In patients over 75 years-old undergoing surgical aortic valve replacement with CPB and experiencing CS-AKI with an incidence which is in line with recent studies using the same modern definition [13, 18], ∆pCrpostCPB-H6 outperformed TIMP2 IGFBP7 at H6 for the early recognition of CS-AKI. TIMP2 IGFBP7 measured at other timepoints were not of higher performance, as well as changes in TIMP2 IGFBP7. Similar findings were observed for pNGAL, CysC and pUrea. To discriminate persistent from transient CS-AKI, no novel biomarker outperformed pCr.

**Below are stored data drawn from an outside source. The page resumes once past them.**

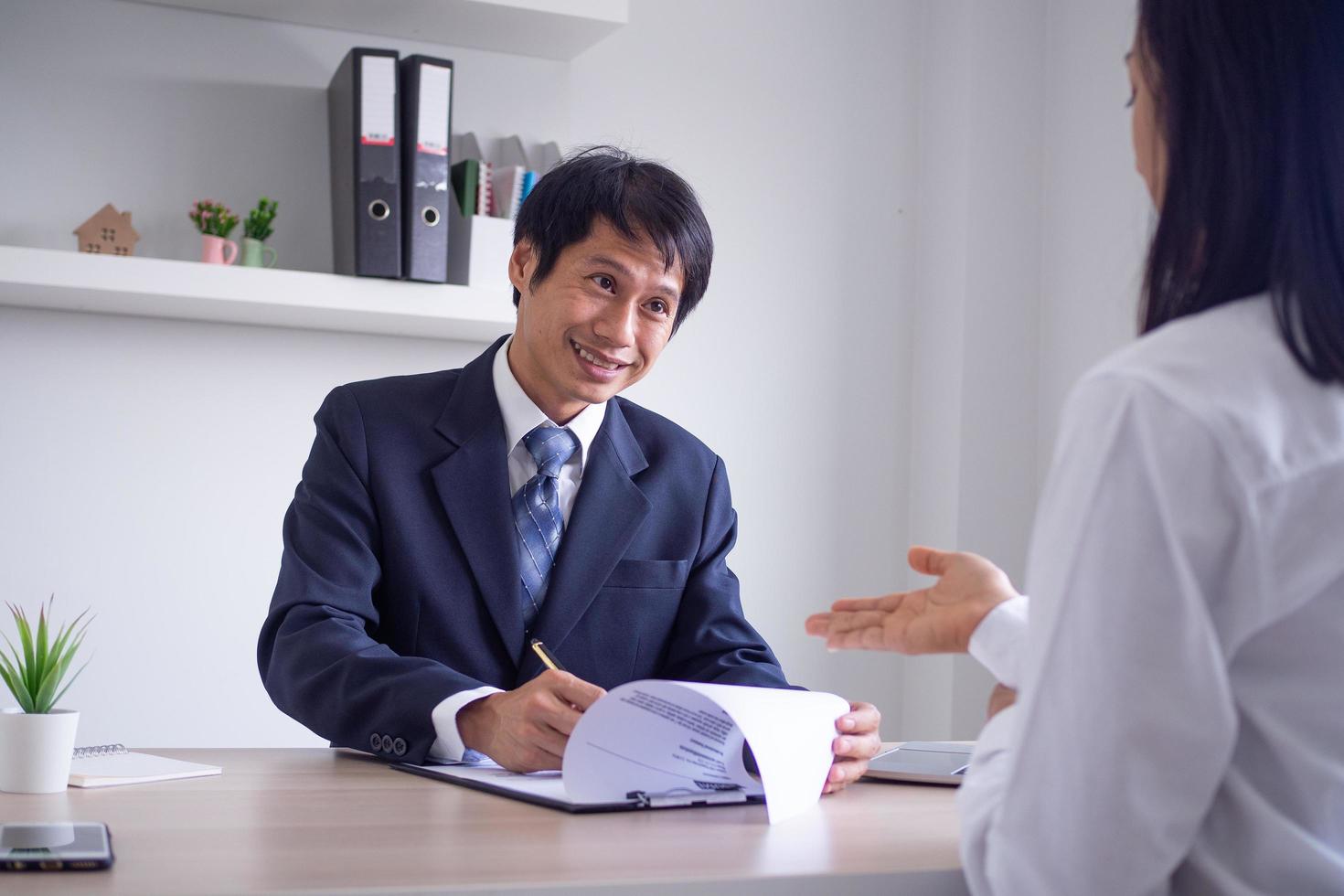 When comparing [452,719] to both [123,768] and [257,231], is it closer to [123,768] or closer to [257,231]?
[123,768]

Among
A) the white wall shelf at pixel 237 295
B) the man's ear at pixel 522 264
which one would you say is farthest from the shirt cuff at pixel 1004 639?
the white wall shelf at pixel 237 295

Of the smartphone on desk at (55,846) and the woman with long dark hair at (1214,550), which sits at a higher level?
the woman with long dark hair at (1214,550)

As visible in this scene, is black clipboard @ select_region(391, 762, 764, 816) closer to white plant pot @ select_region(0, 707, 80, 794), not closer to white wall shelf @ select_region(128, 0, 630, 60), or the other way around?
white plant pot @ select_region(0, 707, 80, 794)

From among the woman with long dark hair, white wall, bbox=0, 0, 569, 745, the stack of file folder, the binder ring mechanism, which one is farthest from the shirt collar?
the woman with long dark hair

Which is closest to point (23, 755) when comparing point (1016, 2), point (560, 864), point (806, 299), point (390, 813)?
point (390, 813)

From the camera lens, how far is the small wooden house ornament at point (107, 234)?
2.35m

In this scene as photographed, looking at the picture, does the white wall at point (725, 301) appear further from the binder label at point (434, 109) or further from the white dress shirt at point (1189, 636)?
the white dress shirt at point (1189, 636)

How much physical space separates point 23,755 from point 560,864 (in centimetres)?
56

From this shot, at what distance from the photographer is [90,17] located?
2439mm

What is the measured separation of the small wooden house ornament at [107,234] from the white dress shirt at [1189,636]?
2.11 meters

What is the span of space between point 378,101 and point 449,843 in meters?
1.74

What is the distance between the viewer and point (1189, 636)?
2.13 feet

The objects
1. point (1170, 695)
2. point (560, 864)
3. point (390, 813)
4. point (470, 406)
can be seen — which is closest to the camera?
point (1170, 695)

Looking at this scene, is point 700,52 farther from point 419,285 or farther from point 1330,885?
point 1330,885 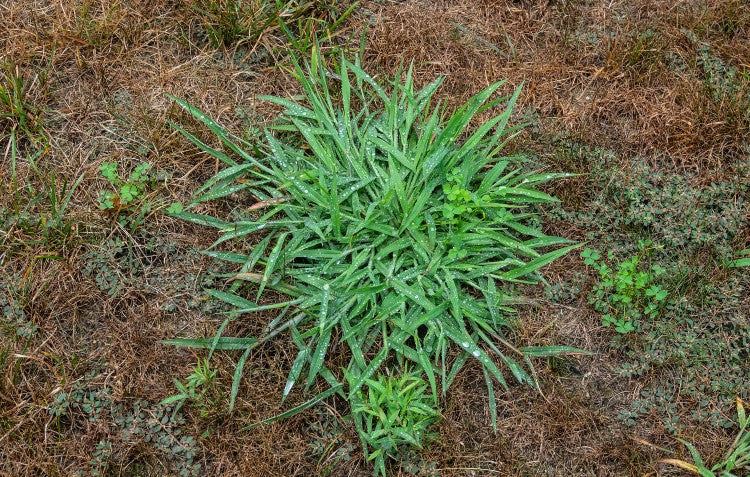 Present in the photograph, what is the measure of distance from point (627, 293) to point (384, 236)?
956 millimetres

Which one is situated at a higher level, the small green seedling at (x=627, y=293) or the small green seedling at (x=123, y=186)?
the small green seedling at (x=627, y=293)

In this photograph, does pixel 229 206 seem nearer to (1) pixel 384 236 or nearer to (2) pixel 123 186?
(2) pixel 123 186

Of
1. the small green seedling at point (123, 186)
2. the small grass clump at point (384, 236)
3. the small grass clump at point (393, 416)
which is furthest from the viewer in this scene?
the small green seedling at point (123, 186)

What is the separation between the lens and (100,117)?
282 centimetres

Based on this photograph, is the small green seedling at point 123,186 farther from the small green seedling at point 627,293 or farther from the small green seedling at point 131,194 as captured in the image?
the small green seedling at point 627,293

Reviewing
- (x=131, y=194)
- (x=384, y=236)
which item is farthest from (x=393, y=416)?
(x=131, y=194)

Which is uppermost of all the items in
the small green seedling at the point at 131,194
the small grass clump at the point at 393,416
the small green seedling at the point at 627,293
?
the small green seedling at the point at 627,293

As in the present study, a limited performance has been previously reported for pNGAL and CysC after cardiac surgery [12]. In various settings, urine TIMP2 IGFBP7 is considered to be the most accurate biomarker [19]. In cardiac surgery, a recent meta-analysis of 10 studies found that the pooled AUCROC of TIMP2 IGFBP7 for the detection of CS-AKI was remarkable (AUCROC = 0.83 [standard error 0.02]) [9]. So why did not we find such good diagnostic accuracy for TIMP2 IGFBP7? Firstly, not all the available studies reported good performance for TIMP2 IGFBP7: some recent studies, not included in Su et al. meta-analysis, reported, as we did, a poor-to-moderate performance for TIMP2 IGFBP7 (AUCROC = 0.57–0.69) [2022]. Secondly, Day1 measurement of TIMP2 IGFBP7 has been included in this meta-analysis [9]. For instance, in one study, an AUCROC of TIMP2 IGFBP7 at Day1 (0.71) has been retained whereas AUCROCs at the end of the surgery (AUCROC = 0.63) or at the 4th hour (AUCROC = 0.51) have not [23]. However, beyond the fact that, at Day1, the superiority of TIMP2 IGFBP7 over pCr is highly uncertain, we believe that Day1 is a time point which is too late to provide nephroprotective interventions and is therefore not an early diagnosis of CS-AKI. Thirdly, several studies defined CS-AKI only by pCr increase, i.e., omitted the urine output criterion [2429]. Yet, even possibly misleading, urine output is full part of the recommended definition of AKI [4]. Last, in 3 studies included in Su et al.’s meta-analysis, TIMP2 IGFBP7 has been analyzed only for the detection of stage 2–3 CS-AKI [9] and in most other studies, stage 2–3 CS-AKI featured prominently among cases of CS-AKI. This may have contributed to the good pooled performance of TIMP2 IGFBP7 for the detection of all stages CS-AKI. Indeed, the more severe the disease, the more sensitive and specific its biomarker. Hence, the diagnostic performance of TIMP2 IGFBP7 is probably better for the identification of moderate-to-severe CS-AKI (stage 2–3) than for mild CS-AKI (stage 1). It is noteworthy that TIMP2 IGFBP7 has been approved by the US Food and Drug Administration as an aid in the risk assessment for moderate or severe (stage 2–3) acute kidney injury within the next 12 h. Our study, in which most (92%) CS-AKI cases were mild (stage 1), contrary to several previous studies [9], discourages to extend the indication for TIMP2 IGFBP7 to the detection of mild CS-AKI developing within the 48 postoperative hours.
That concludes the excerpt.